DH 2016 Abstracts

Choosing Words for Stylometric Authorship Attribution Evaluating Most Distinguishing Words (MDWs) vs. Most Frequent Words (MFWs)

1. Introduction

The results of stylometric authorship attribution studies are strongly influenced by four choices:

Candidate Authors – The choice of candidate authors should be based on the historical context of the texts to be attributed.
Representative Texts – Representative texts should be chosen that are similar in genre, topic and time frame as the texts to be attributed (Argamon et al, 2003; Stamatatos, 2009).
Analytical Method – Many analytical methods are available. Burrows’ Delta is often considered to be the ‘gold standard’ to compare other methods (Burrows, 2002).
Distinguishing Features – One list of features to distinguish among candidate authors can provide greater distinguishing power than another list of features. This paper is about identifying the most distinguishing list.

Grammatical function words are used by all authors, but authors do not use function words in the same way or with the same frequencies. Therefore, different usage frequencies for function words are useful in characterizing an author’s writing style. Although the specific function words that are distinguishing among authors vary from study to study, their effectiveness as features to set apart an author’s writing style is well established (Mosteller and Wallace, 2007; Holmes, 1998).

Discriminant analysis is a statistical technique to classify objects into known categories based on a set of features about those objects. The technique was developed by Sir Ronald Fisher, a botanist. He illustrated the technique by classifying iris flowers into three species using four features – the length and width of sepals and petals (Fisher, 1936).

The approach is to compute linear combinations of the features that best separate the categories from each other. The most distinguishing combination of features is called the first linear discriminant function (LD1). Additional combinations (LD2, LD3 and so on) are computed that are orthogonal to each other to maximize the separation among categories. After computing the discriminant functions using a training set of data for objects with known classification, the discriminant functions can be used to classify objects of unknown classification into the categories to which they most likely belong.

The discriminant analysis concept is illustrated in figure 1 for a two-category problem and two dimensions. Each ellipse in the graph encircles the items within a category. LD1 shows the direction of greatest separation between the two categories. Discriminant analysis can be extended to classification problems with any number of categories and dimensions.

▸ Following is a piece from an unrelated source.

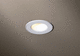 downlight da incasso / LED / rotondo / da interno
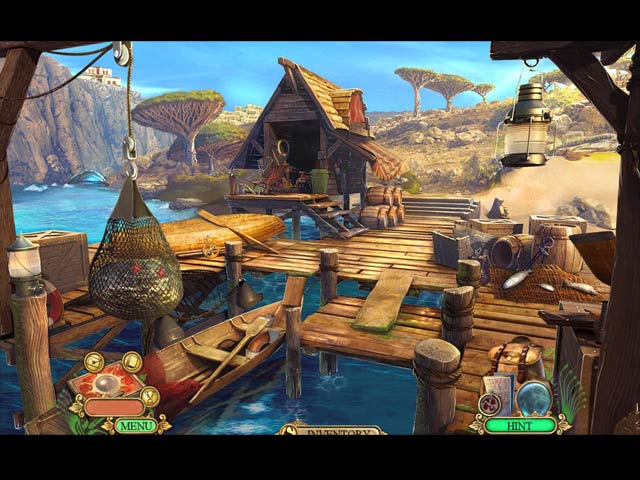 hidden expedition: the fountain of youth screenshots 3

Figure 1. Graphical illustration of discriminant analysis for two categories with two discriminant functions

Discriminant analysis can be used in authorship attribution since the problem is similar to that of classifying plants into species based on their physical features. In attribution, the process is to use a set of texts of known authorship to determine the discriminant functions using non-contextual words as the features, and then classify texts of unknown authorship into the set of authors using the discriminant functions.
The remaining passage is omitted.